Doctors are not all knowing, infallible oracles. They are human beings you can have a conversation with about your health. If you think something makes sense for you, you can run it past them. No one is suggesting randomly asking doctors to prescribe random shit.
Doctors/medical associations don't agree with each other on much, even at the very highest levels. For example, the USA and EU have totally different recommendations related to digital rectal exams for aging men. One believes that finding cancer in old men is important, the other claims it's bad because most of those cancers are benign and sticking a finger up an old mans butt often causes its own complications.

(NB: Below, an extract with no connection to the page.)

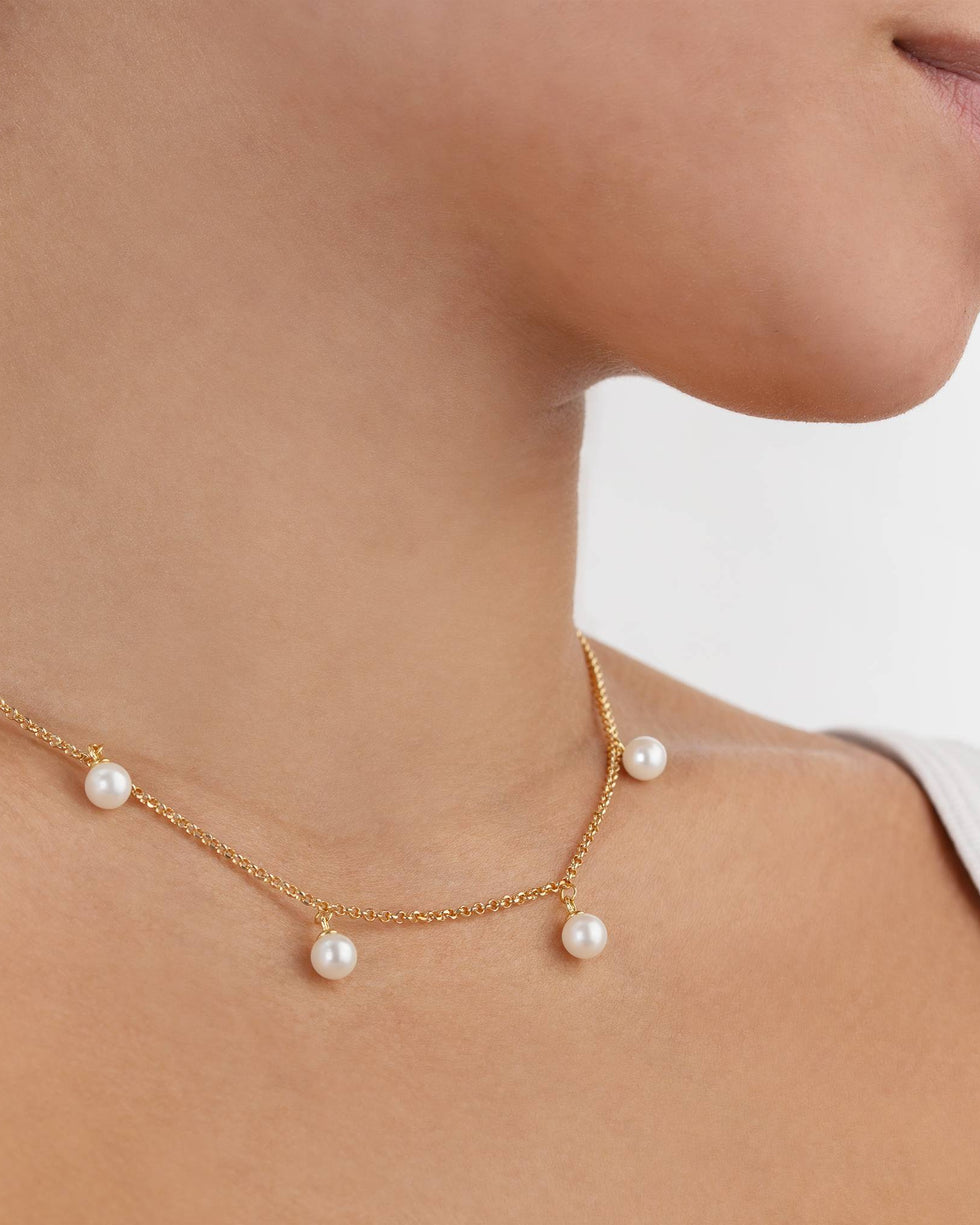 Quad Pearl Charm Necklace – Elegant Freshwater Pearl Jewellery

1) if you've ever been exposed to HPV already, then the vaccine is useless
2) there is no test to determine if a male has been exposed, although there is one for females
so they just push the ages up by probability, over time. As the probability of a man being with an older and therefore unvaccinated woman decreases - since with women is the most probable - the age can rise
This is patently incorrect. The vaccine protects against 9 variants. Having been exposed to all 9 before vaccination sounds like really bad luck.
> 2) there is no test to determine if a male has been exposed, although there is one for females
The female HPV tests, as I understand, only test for the presence of HPV in the cervix. It can be present in many other areas. No one is testing women for the presence of HPV on their hands or in their throats.

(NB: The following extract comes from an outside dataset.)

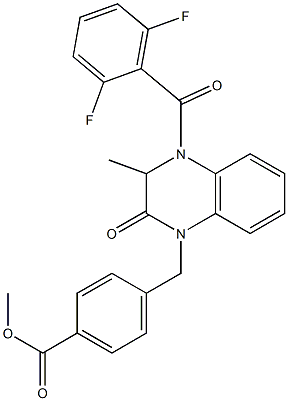 methyl 4-{[4-(2,6-difluorobenzoyl)-3-methyl-2-oxo-3,4-dihydro-1(2H)-quinoxalinyl]methyl}benzenecarboxylate Struktur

Most places now offer HPV vaccines to young boys as well. People over 40 more or less missed the boat, but they can still get vaccinated. How useful it is depends entirely on their personal circumstances and risk profiles.
It is incorrect. I had it tested multiple times. It is done less routinely, usually under assumption that since it is women who are mostly at risk, why bother testing men. Which is horrible mindset in anything related to epidemiology.
See:
- https://www.droracle.ai/articles/607248/what-methods-are-use...
- https://pmc.ncbi.nlm.nih.gov/articles/PMC12256477/
- https://www.tandfonline.com/doi/full/10.1080/22221751.2024.2...
> 1) if you've ever been exposed to HPV already, then the vaccine is useless
Also no. See other comments.
No. The general reason that people don't do the test for men is that DNA testing is extremely sensitive, and produces a lot of false positives for a virus that is widespread.
It's also not actionable. You can't treat an asymptomatic infection, and a positive leads to the same outcome they would give anyway: use physical barriers and abstinence.
(Edit: hilariously, your first link says exactly what I just wrote, at the very top of the page. Did you read it?)
Sure, test from penis has lower specificity and sensitivity that for cervix, but it is not binary "works or not" (as side note, just measuring from urethra is rarely enough [1]). Life is probability, and it is a huge fallacy to believe that things work 100% or 0%, nothing in between (rarely the case in medicine).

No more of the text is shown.